Pandering for Hit Points

1Well, a comic called Skullkickers couldn’t go unexplored forever. But I sure did avoid the Image publication, written by Jim Zub and drawn by Edwin Huang, as if goblin guts ran from its pages.

The reason for such negligence? The simple answer is that I already own and read too much, and could continue this blog forever if I’d stopped buying comics, say, five years ago. The answer that merits discussion, however, is that this Sword & Sorcery adventure, slummed out in the sandals and crusty t-shirt of a Role Playing Game, reminds me way too much of Battle Chasers.

Which is what? you ask, aghast at my suddenly glazed eyes and beard of cheese dust. Battle Chasers is a medieval fantasy comic from the late 1990s inspired by the extremely popular Final Fantasy video games of the same era (wherein you literally darted in and out of fights with monsters, demons, etc). Creator Joe Madureira, fresh from his career-making artistic run on Uncanny X-Men, transferred the already fused elements of steampunk and manga from Final Fantasy to the kinetic realm of American comics.

2Nerds feasted! because manga and anime weren’t yet ubiquitous, and Madureira’s character designs had the voltage of an August thunderstorm. We just didn’t feast often. Battle Chasers existed as nine issues spread across four years, and while scanning the new releases every Wednesday, I thought hunting Sasquatch might prove less frustrating.

Everything’s different now! Grandpa, little sister and the mailman have been manga-fied with larger eyes and shorter skirts. “Costume players” crowd into malls on weekends, where their tails and furry ears won’t land them as hunting trophies in someone’s living room. And comics that take it all for granted release like clockwork.

Skullkickers stars two monster-smashing mercenaries, and the tone goes a little something like this: “Yeesh! Whoever heard of a fat werewolf?!” It grinds lovingly against the cheerful art by Huang, who could draw Disney’s Aladdin without dropping a single grimace from his repertoire. Colorist Misty Coats adds an animation cell lushness to every page, especially the moonlit night scenes.

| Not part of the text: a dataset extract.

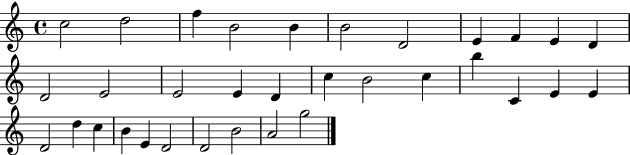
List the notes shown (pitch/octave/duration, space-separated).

3The first trade paperback, 1000 Opas and a Dead Body, is some addictive (and astoundingly light) reading about the murder of a young royal–and the theft of his corpse by a death cult. Our nameless heroes, whose actions are frequently narrated by a dice-rolling omniscience, are the only people in Mudwich (population: downtrodden) who see the fun in it.

And luckily, it is fun–though I suggest the $10 trade over paying three bucks per issue. Each one gives you some chuckling wise-assery, some cool creature action, and not really much story. That’s fine if, between rounds of D&D, you need reading material for the can. Then again, a little Lord Dunsany never killed anyone.